Machine Learning Course

CS570 - Topics in AI: Machine Learning

Summer/2003 (May 27 - Jun 26)

Classes: MTWR 5:30 pm - 7:30 pm, Frank J. DiLoreto Hall 012
Instructor: Dr. Zdravko Markov, MS 203, (860)-832-2711, http://www.cs.ccsu.edu/~markov/, e-mail: markovz@ccsu.edu
Office hours: MTWR 7:30pm - 8:30pm, or by appointment

Description: One of the many definitions of Machine Learning (ML) is "Any change in a system that allows it to perform better the second time on repetition of the same task or on another task drawn from the same population" (Simon, 1983). Practically this means developing computer programs that automatically improve their performance through experience. The course covers the basic concepts and techniques of Machine Learning from both theoretical and practical perspective. The material includes classical ML approaches as Version Spaces and Decision Trees, new approaches as Inductive Logic Programming and Minimum Description Length Principle (MLD) as well as "hot" topics as Knowledge Discovery and Data Mining. The students will be able to experiment with implementations of almost all algorithms discussed in class and will use a recent ML system to solve practical problems.

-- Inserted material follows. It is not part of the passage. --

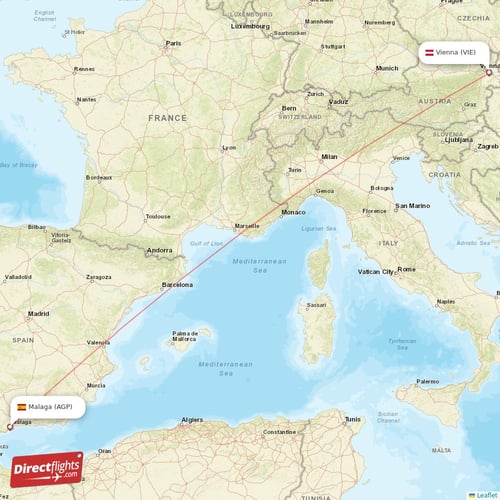 Vienna - Malaga direct flight map
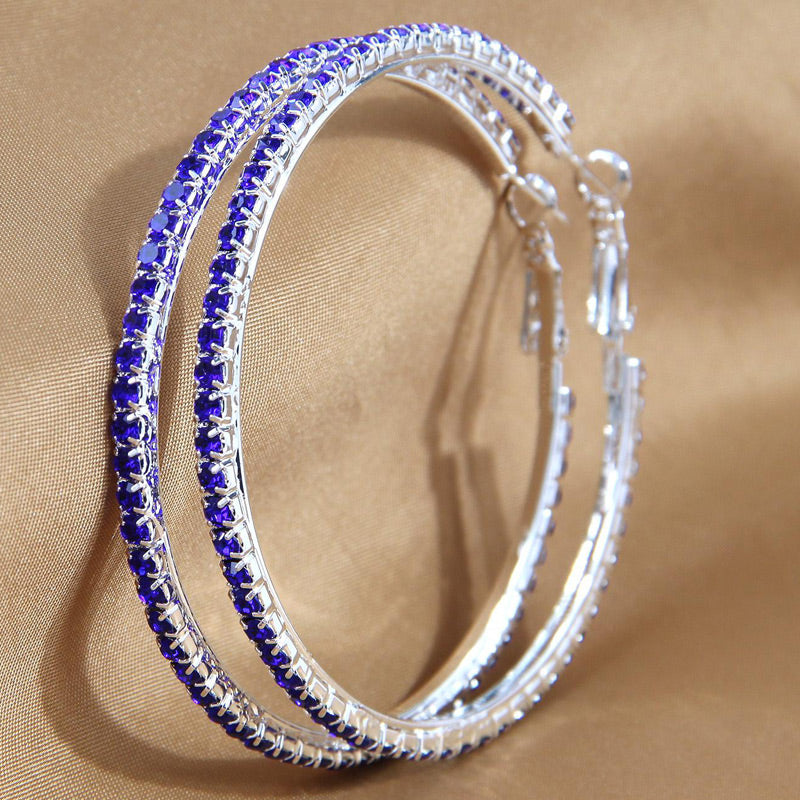 1 Pair Simple Style Round Inlay Rhinestone Ferroalloy Rhinestones Hoop Earrings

Prerequisites: CS 501 and CS 502, basic knowledge of algebra, discrete math and statistics.

Course Objectives

To introduce students to the basic concepts and techniques of Machine Learning.

To develop skills of using recent machine learning software for solving practical problems.

To gain experience of doing independent study and research.

Required Texts:

Machine Learning, Tom Mitchell, McGraw Hill, 1997, ISBN 0-07-042807-7.
Lecture notes in Machine Learning, Zdravko Markov.

Required software: Zprolog (updated on 11/7/2001) - a free DOS window-based Prolog interpreter.

Assignments and projects: The students will use a set of ML programs written in Prolog and a simple Prolog interpreter to do experiments and to complete their assignments. There will be 5 projects requiring independent study and practical work with the ML programs.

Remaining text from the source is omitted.